*** Begin section ***

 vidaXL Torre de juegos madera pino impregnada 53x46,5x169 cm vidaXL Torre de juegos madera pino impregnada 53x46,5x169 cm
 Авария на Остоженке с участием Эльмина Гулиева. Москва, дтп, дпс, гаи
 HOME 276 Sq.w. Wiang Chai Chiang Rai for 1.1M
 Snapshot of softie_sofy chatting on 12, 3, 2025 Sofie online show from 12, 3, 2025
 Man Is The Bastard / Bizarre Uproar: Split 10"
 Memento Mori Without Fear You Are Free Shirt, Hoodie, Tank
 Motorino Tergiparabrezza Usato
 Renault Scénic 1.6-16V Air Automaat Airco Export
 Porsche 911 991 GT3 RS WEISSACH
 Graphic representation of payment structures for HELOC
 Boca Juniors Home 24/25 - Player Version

*** End section ***
*** Begin section ***

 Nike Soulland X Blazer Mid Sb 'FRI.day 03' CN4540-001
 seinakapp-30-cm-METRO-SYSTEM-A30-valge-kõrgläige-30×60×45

*** End section ***

Look above for the line with "Renault Scénic 1.6-16V" and the line with "Boca Juniors Home 24/25 - Player Version". Write out those two lines and all the lines between them, exactly, and no others.

Exercise solution ▸
 Renault Scénic 1.6-16V Air Automaat Airco Export
 Porsche 911 991 GT3 RS WEISSACH
 Graphic representation of payment structures for HELOC
 Boca Juniors Home 24/25 - Player Version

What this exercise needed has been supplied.